### Task to complete
Write out exactly the lines of the entries below, from the first through the line containing "Proyector de Cielo", and nothing beyond them.

=== Data listing ===

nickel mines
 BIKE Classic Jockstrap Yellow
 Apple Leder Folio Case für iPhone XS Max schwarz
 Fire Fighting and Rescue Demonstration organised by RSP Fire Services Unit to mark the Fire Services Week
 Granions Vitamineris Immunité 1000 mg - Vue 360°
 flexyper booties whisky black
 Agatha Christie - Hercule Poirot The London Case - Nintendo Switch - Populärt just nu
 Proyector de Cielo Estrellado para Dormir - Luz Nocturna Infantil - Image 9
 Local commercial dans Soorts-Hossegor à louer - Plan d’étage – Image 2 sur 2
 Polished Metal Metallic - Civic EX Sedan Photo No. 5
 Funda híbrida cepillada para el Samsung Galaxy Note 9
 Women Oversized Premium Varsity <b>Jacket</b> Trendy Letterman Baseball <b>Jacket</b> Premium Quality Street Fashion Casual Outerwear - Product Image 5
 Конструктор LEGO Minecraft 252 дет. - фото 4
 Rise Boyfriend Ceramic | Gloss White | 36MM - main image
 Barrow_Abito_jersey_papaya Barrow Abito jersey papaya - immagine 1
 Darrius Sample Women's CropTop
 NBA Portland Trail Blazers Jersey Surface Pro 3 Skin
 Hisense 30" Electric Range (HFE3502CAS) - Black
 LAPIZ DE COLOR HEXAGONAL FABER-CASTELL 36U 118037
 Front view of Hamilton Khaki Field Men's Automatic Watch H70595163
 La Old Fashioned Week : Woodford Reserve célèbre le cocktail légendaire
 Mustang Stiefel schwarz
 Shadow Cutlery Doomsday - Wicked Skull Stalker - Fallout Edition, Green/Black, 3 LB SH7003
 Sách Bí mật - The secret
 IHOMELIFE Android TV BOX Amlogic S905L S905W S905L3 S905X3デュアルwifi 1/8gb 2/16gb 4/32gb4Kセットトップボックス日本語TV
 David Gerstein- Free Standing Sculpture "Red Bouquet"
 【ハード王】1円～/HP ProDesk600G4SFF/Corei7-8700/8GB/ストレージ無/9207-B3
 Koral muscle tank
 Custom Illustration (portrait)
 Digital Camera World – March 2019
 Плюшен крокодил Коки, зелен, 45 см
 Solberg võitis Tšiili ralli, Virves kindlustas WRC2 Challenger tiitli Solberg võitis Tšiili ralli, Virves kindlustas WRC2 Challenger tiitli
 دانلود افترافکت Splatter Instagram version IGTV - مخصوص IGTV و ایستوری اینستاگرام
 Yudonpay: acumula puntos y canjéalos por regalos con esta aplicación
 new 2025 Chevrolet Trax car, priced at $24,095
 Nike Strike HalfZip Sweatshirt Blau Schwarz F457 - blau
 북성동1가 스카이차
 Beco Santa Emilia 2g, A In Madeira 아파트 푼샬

===

### Solved problem
nickel mines
 BIKE Classic Jockstrap Yellow
 Apple Leder Folio Case für iPhone XS Max schwarz
 Fire Fighting and Rescue Demonstration organised by RSP Fire Services Unit to mark the Fire Services Week
 Granions Vitamineris Immunité 1000 mg - Vue 360°
 flexyper booties whisky black
 Agatha Christie - Hercule Poirot The London Case - Nintendo Switch - Populärt just nu
 Proyector de Cielo Estrellado para Dormir - Luz Nocturna Infantil - Image 9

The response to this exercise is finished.